What is being asked ▸
Transcribe all of the data exactly. Images stay out.

Extracted records ▸
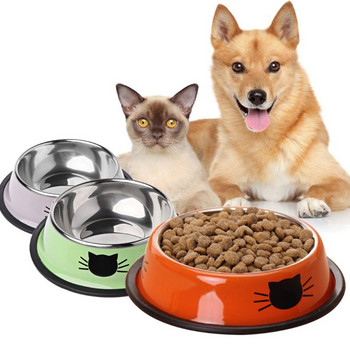 Χοντρό αντιολισθητικό μπολ τροφής για σκύλους γάτας Τροφές σκεύη Μονά μπολ από ανοξείδωτο χάλυβα για κατοικίδια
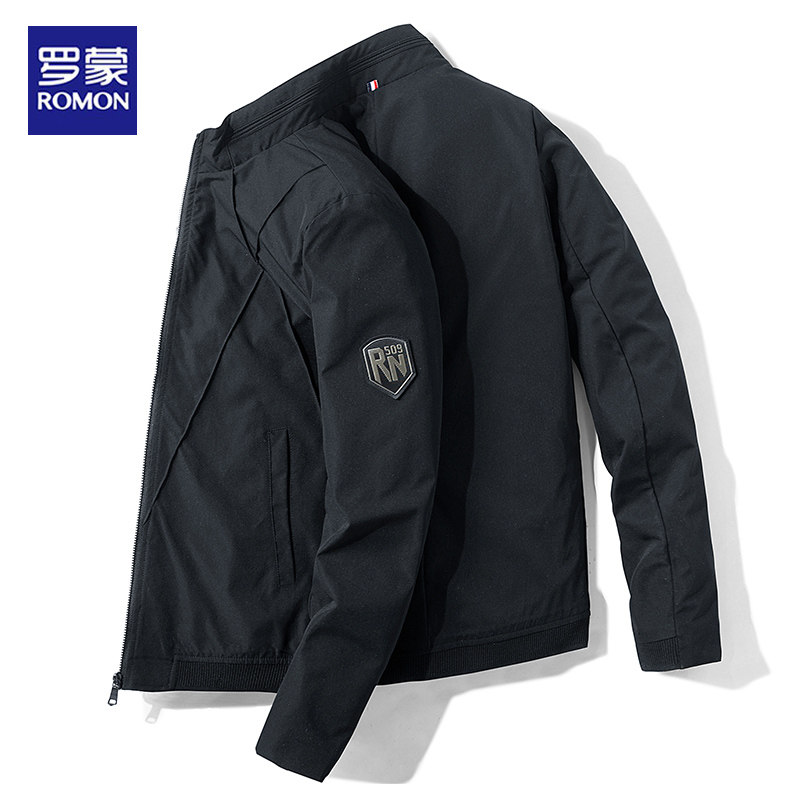 Romon casual baseball collar jacket jacket men's 2022 new top versatile cotton thick stand collar overalls spring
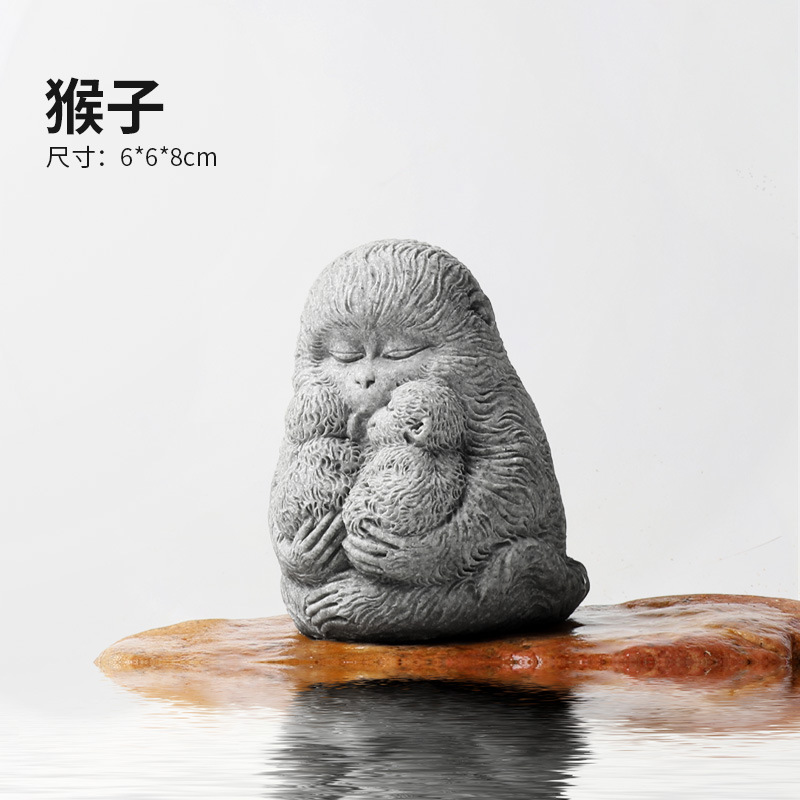 Pecera Arenisca azul Arenisca Dibujos animados Decoración de paisaje de bonsai de león Hippo Decoración de micropaisaje Tallado a prueba de piedra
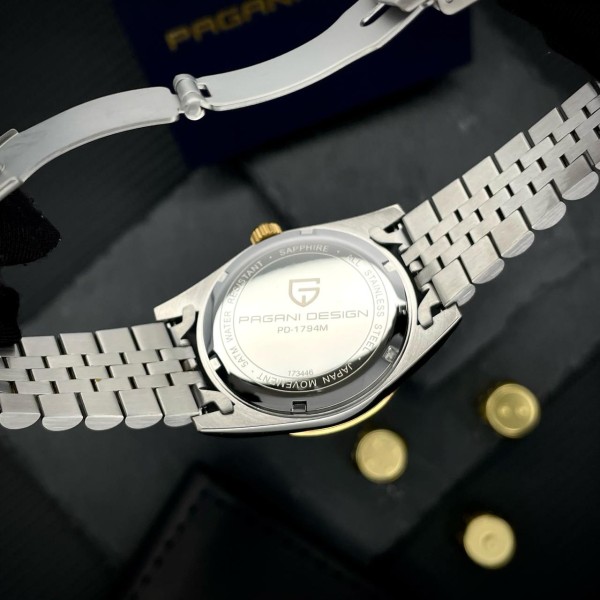 Годинник наручний Pagani Design PD-1794M Silver-Gold-Green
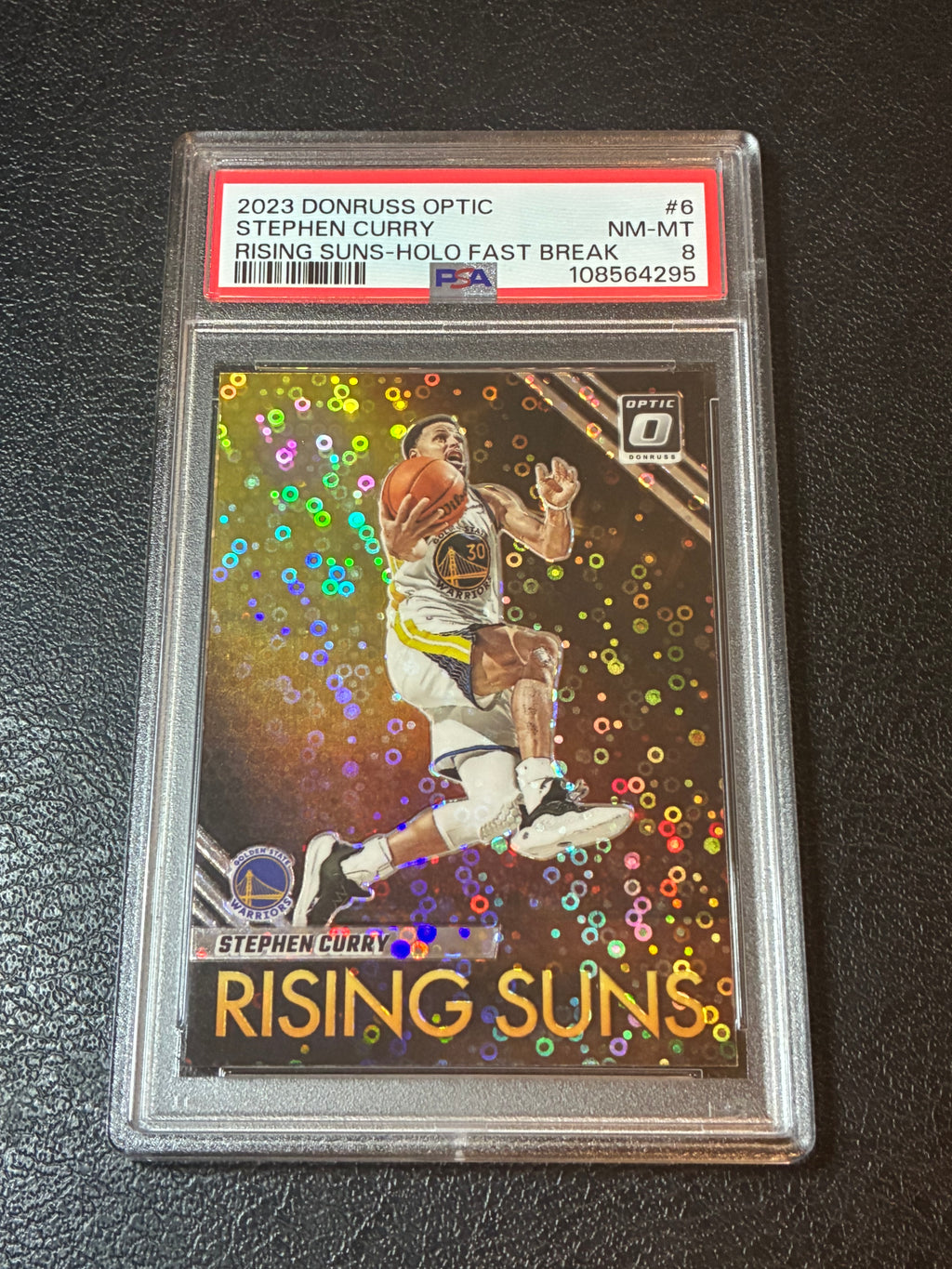 2023 Donruss Optic Stephen Curry Rising Suns-Holo Fast Break PSA 8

Result ▸
 Χοντρό αντιολισθητικό μπολ τροφής για σκύλους γάτας Τροφές σκεύη Μονά μπολ από ανοξείδωτο χάλυβα για κατοικίδια
 Romon casual baseball collar jacket jacket men's 2022 new top versatile cotton thick stand collar overalls spring
 Pecera Arenisca azul Arenisca Dibujos animados Decoración de paisaje de bonsai de león Hippo Decoración de micropaisaje Tallado a prueba de piedra
 Годинник наручний Pagani Design PD-1794M Silver-Gold-Green
 2023 Donruss Optic Stephen Curry Rising Suns-Holo Fast Break PSA 8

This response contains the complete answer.